Independent and separated from any other system, a diesel-powered dewatering pump can deal with considerable water intakes. Water makers and generators are redundant while batteries, independent and raised, deliver power to systems even when the boat is flooded.
All these systems, and I can list many other ones, perfectly coexist with the soul of this Contest 85CS that not only does not lose a tenth of knot when sailing but also continues to show off unparalleled class and elegance.
Performances and easy handling make this boat a real “fast blue water cruiser” and, believe me, there are only a few boats like this.
Contest 85CS – Performances under sail
Test conditions: cloudy sky: true wind from 15 to 20 knots; rough sea; 12 passengers on board; fuel tank 50%; water 30%.

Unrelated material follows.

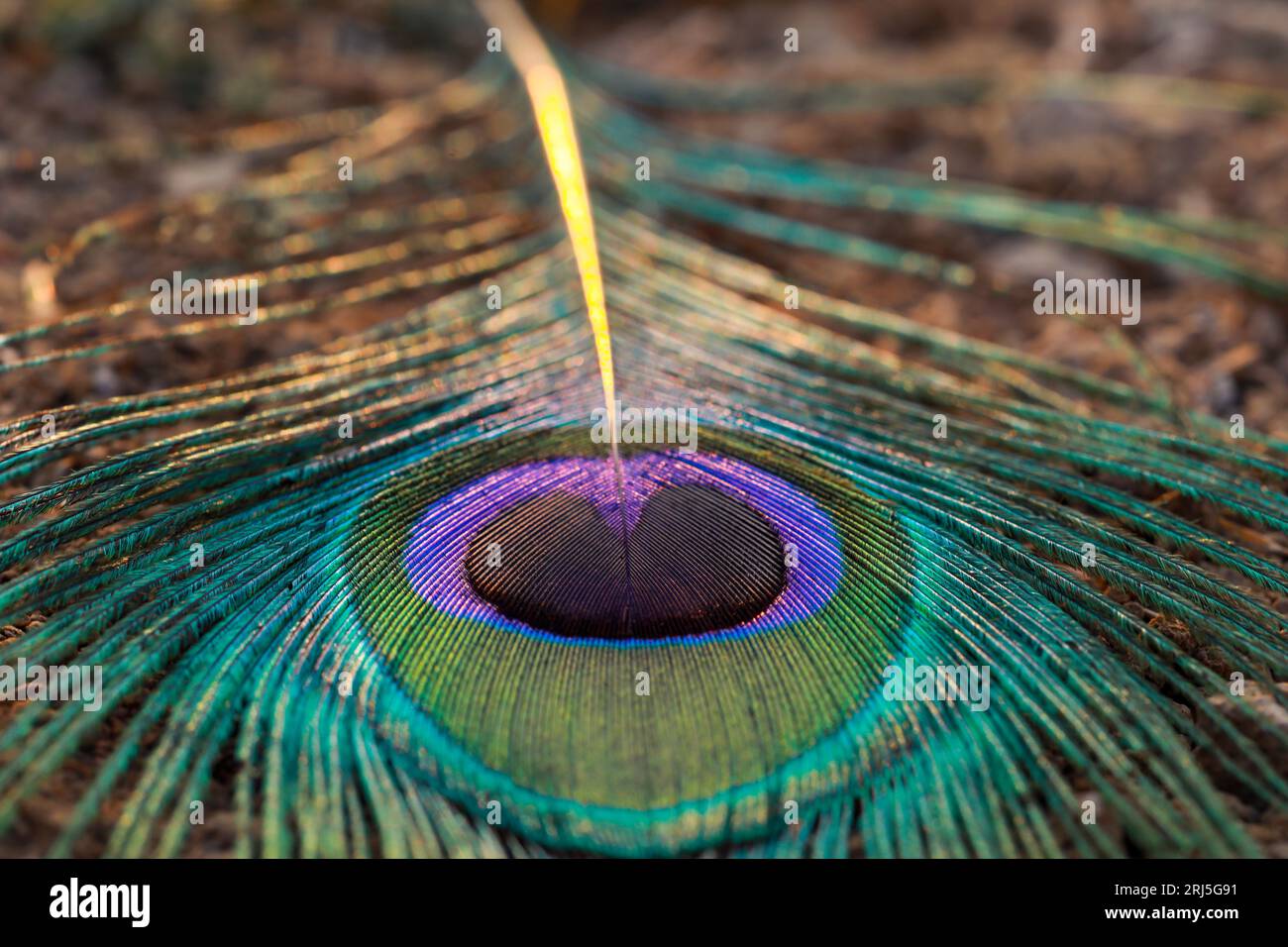 A closeup of Peacock feather background Stock Photo - Alamy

|Contest 85CS Specifications|
|Length overall including bowsprit||26.78m||87.86ft|
|Draft standard keel||3.79m||12.43ft|
|Draft shallow keel (optional)||3.28m||10.76ft|
|Ballast standard keel||18,500kg||40,785lb|
|Ballast shallow keel||12,000kg||26,455lb|
|Fuel tank||2,500lt||549.92imp. gal|
|Water tank||1,500lt||329.95imp. gal|
|Engine, Volvo Penta||194kW||264hp|
Contest Yachts: Building technology
Taking about construction in the same way as any other boat would be simplistic when it comes to a Contest yacht. For over 50 years, indeed, this shipyard has been building very high-quality standards and materials boats.
This is why, the shipyard combines technologically advanced building techniques, like the Conyplex vacuum infusion system®, and artisanal processing of the structural parts, where the shipwrights’ expertise is unquestionable.
A clear example of this comes from furnishings that are not only masterfully designed but are also positioned with extreme precision and a kind of care that is is not afraid of the passing of time.
The teak deck is a masterpiece and, made with a particular technique, leaves a predominantly aesthetic function to the seam. It is dry built and subsequently glued under vacuum on the deck. The result is simply incomparable to any other technique used.
The construction of the hull deserves a separate chapter. The famous vacuum infusion system patented by Conyplex, in a process that lasts for 24 hours, eliminates the air completely and reduces the percentage of resin by 30%, with a clear benefit in terms of weight and sturdiness, since it is the fiber that gives strength to the hull.
The use of insulating materials used substantially everywhere gives all the boats a soundproofing and insulation level that must be tried to fully understand its countless advantages.
The combination of these two techniques results into boats that are exceptionally rigid, comfortable and practically free from any osmotic phenomena.